7/11/08

Friday, July 11th

Tonight's episode... "Ryan and the Incipient Spin" (or "Are My Affairs In Order?")

0800 report time, but this wound up being a study day... nose in the book and watching videos until about 1600, when instructor Mikey (first time flying with this 6'9" dude from Huntington Beach) handed me the key to 7265Z and told to preflight. Ran out to the main ramp and knew it would be an interesting one when I noticed the windsock flapping about wildly. Variable winds gusting to 20 knots with typical July afternoon thermals.

Good taxi and takeoff, but Mikey busts me for not applying elevator trim, which I'll need to get the hang of. Headed southwest toward Fort Worth Spinks Airport , which we crossed on our way to today's practice area at 4500ft. Steep turns go well... 360-degree turn at a 45-degree bank while maintaining altitude. Nailed it. Now for slow flight maneuvers, which simulates a landing configuration. Slow to about 40 knots (which ain't much!) with full flaps and kept her straight and level. Now time to stall her by raising the nose, which she does and recovery goes fine. Now for power-on stalls, which simulates stalling the aircraft at takeoff due to a too-steep climb (critical angle-of-attack). Start at 60 knots and level flight, then full power and yank the yoke back to where we're nose-to-the-sun. The stall horn sounds, the wings tremble (buffet), and we stall. Recovery is pretty easy... not much altitude lost.

On 2nd power-on stall attempt a wind gust struck us just at the point of stall, yawing us just enough to the left, and we entered an incipient spin. I had read all about these, and was aware of the possibility during stall exercises, but you just don't grasp it until you try it. Mine was pretty much identical to this...



More exhilarating than scary, and really not much danger, since we were really high up and Mikey knows his stuff.
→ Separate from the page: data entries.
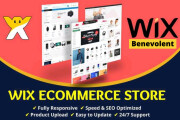 I will create WIX online STORE, WIX ecommerce website 6 - kwork.com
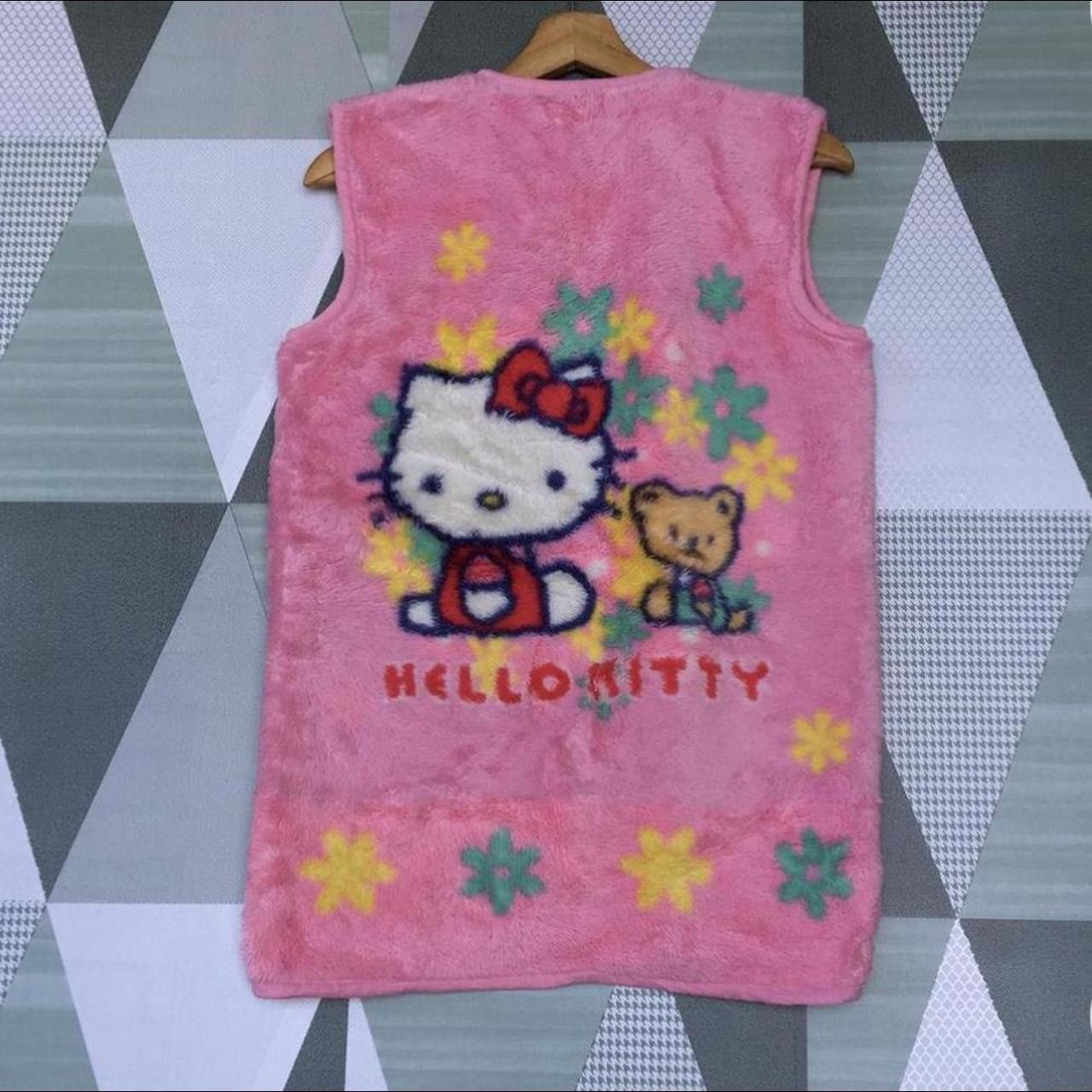 Japanese Brand × Vintage Unisex Size M Hello Kitty Vest Size M / US 6-8 / IT 42-44 - 3 Thumbnail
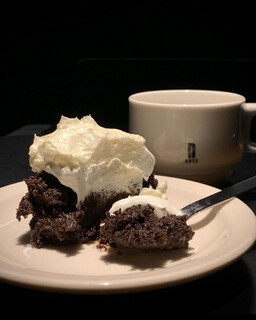 Chocolate cake bite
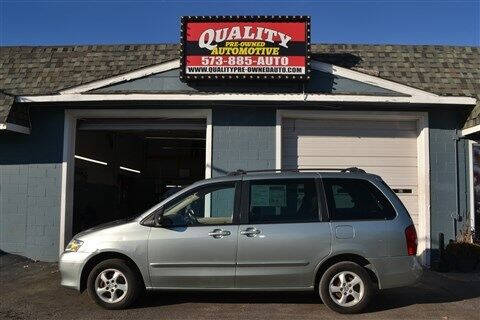 2002 Mazda MPV for sale at Quality Pre-Owned Automotive in Cuba MO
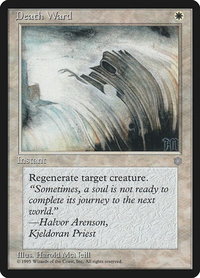 Death Ward - Ice Age (ICE) #19 - Common Magic: The Gathering Trading Card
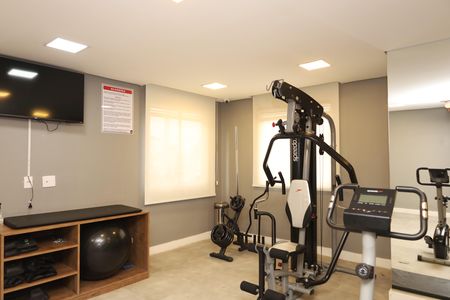 Apartamento à venda com 35m², 2 quartos e sem vagaÁrea comum - Academia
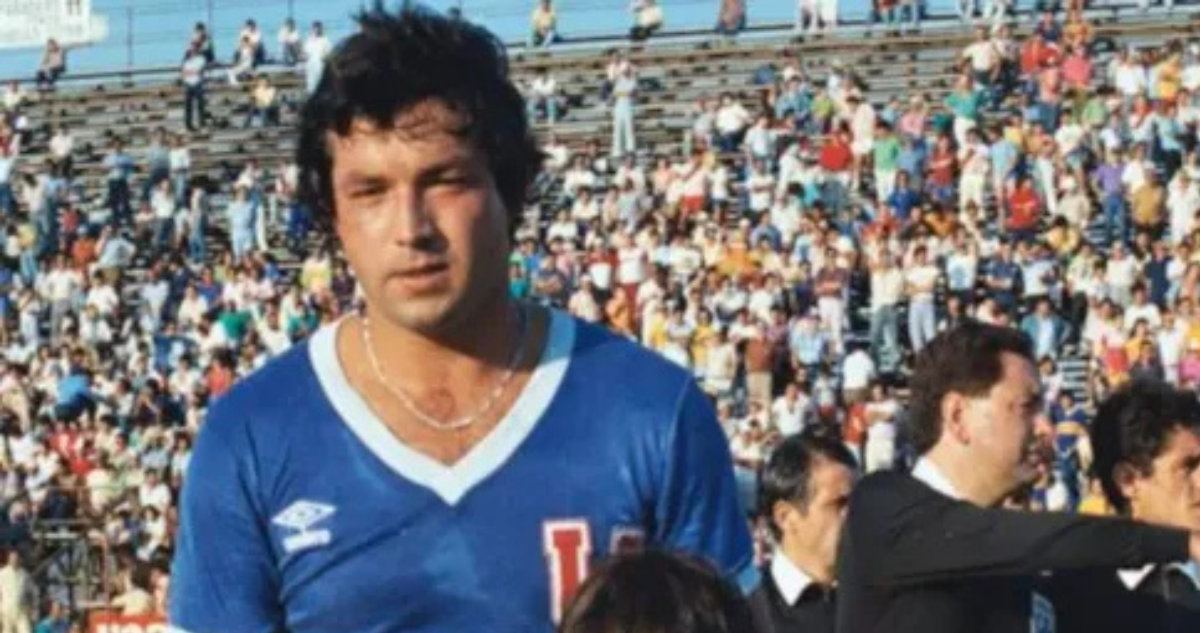 Universidad de Chile despide a Sandrino Castec.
He recovered before it developed into a full spin, which he can also recover from. Glad I experienced it. Was rather strange to see a golf course through my windshield, though.

Rough ride back to Arlington, with lots of traffic. Had to turn out of the pattern again for spacing, and entered base leg at stall speed to allow even more space for a Cherokee in front of us. Landed her hard, but without visible structural damage. Morning and afternoon flights tomorrow... mostly touch-and-goes, I hear. Need the practice, especially on landings.

More studying, then home and bed. It's Friday, but I get no weekends for a while so I need to grab some Z's whenever I can. Big thanks for the birthday wishes (and warbling... you know who you are) from all of you.

Romeo Papa Tango, out.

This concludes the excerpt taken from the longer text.